Mick Jagger Offered His Take on the Beatles vs. the Rolling Stones Debate

Photo credit: Getty Images
Photo credit: Getty Images

From Esquire

When Paul McCartney weighed in on the eternal debate over whether the Beatles or the Rolling Stones are the superior band, you knew it was only a matter of time before Mick Jagger or Keith Richards fielded the exact same question. And now, in an interview with Zane Lowe, Jagger weighed in on the classic rock debate.

Jagger called McCartney a "sweetheart," and declared that "there's there’s obviously no competition" between the bands. Still, he was willing to share his thoughts on the differences between the two acts.

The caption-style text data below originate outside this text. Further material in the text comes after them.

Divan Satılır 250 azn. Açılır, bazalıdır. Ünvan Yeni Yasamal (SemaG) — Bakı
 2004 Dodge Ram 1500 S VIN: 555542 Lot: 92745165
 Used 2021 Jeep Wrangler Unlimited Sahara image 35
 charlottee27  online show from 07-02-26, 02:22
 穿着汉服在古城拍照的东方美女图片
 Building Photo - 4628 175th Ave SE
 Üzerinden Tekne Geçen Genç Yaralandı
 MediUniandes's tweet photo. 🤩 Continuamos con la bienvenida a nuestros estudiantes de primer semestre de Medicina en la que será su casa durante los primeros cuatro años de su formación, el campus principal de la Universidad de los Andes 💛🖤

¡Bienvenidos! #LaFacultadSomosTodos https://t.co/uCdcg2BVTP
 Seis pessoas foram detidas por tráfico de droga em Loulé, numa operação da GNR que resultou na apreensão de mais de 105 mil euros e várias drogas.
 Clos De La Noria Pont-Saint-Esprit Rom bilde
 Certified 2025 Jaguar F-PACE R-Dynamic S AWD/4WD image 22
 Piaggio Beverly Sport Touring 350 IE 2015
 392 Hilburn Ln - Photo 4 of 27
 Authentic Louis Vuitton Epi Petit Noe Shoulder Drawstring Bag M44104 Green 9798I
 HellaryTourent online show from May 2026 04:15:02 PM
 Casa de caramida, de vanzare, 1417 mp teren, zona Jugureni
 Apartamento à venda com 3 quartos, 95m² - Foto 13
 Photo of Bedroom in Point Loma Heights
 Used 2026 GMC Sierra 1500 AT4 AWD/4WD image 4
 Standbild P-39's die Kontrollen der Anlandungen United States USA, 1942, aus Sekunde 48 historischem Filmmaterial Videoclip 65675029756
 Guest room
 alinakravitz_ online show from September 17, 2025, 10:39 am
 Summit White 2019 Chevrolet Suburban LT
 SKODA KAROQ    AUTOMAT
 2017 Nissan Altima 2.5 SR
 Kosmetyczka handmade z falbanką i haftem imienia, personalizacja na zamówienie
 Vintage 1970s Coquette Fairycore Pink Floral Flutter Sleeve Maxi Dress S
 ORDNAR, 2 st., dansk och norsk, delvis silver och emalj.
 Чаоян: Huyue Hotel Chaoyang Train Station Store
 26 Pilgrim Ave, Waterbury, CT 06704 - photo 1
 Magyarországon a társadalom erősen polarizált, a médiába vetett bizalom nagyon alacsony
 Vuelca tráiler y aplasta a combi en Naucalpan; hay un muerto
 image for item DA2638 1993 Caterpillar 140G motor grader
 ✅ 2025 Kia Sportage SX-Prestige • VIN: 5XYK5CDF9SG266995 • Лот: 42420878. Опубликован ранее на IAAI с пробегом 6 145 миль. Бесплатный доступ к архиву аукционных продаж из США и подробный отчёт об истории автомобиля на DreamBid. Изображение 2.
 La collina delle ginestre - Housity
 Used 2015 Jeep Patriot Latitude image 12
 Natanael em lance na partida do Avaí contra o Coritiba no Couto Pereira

"The big difference, though, is, and sort of slightly seriously, is that the Rolling Stones is a big concert band in other decades and other areas, when the Beatles never even did an arena tour, or Madison Square Garden with a decent sound system," said Jagger. "They broke up before that business started, the touring business for real."

McCartney sparked the friendly and just slightly shady beef during an interview with Howard Stern last week, during which he gave a pretty unsurprising answer when asked whether the Beatles or the Stones were the better band. "They are rooted in the blues. When they are writing stuff, it has to do with the blues," said McCartney. "We had a little more influences… There’s a lot of differences and I love the Stones, but I’m with you. The Beatles were better."

"We started to notice that whatever we did, the Stones sort of did it shortly thereafter," he added.

But to Jagger, the Stones' legacy as an arena act is what separates the two groups. "That business started in 1969, and the Beatles never experienced that," he told Lowe. "That's the real big difference between these two bands. One band is, unbelievably luckily, still playing in stadiums, and then the other band doesn't exist."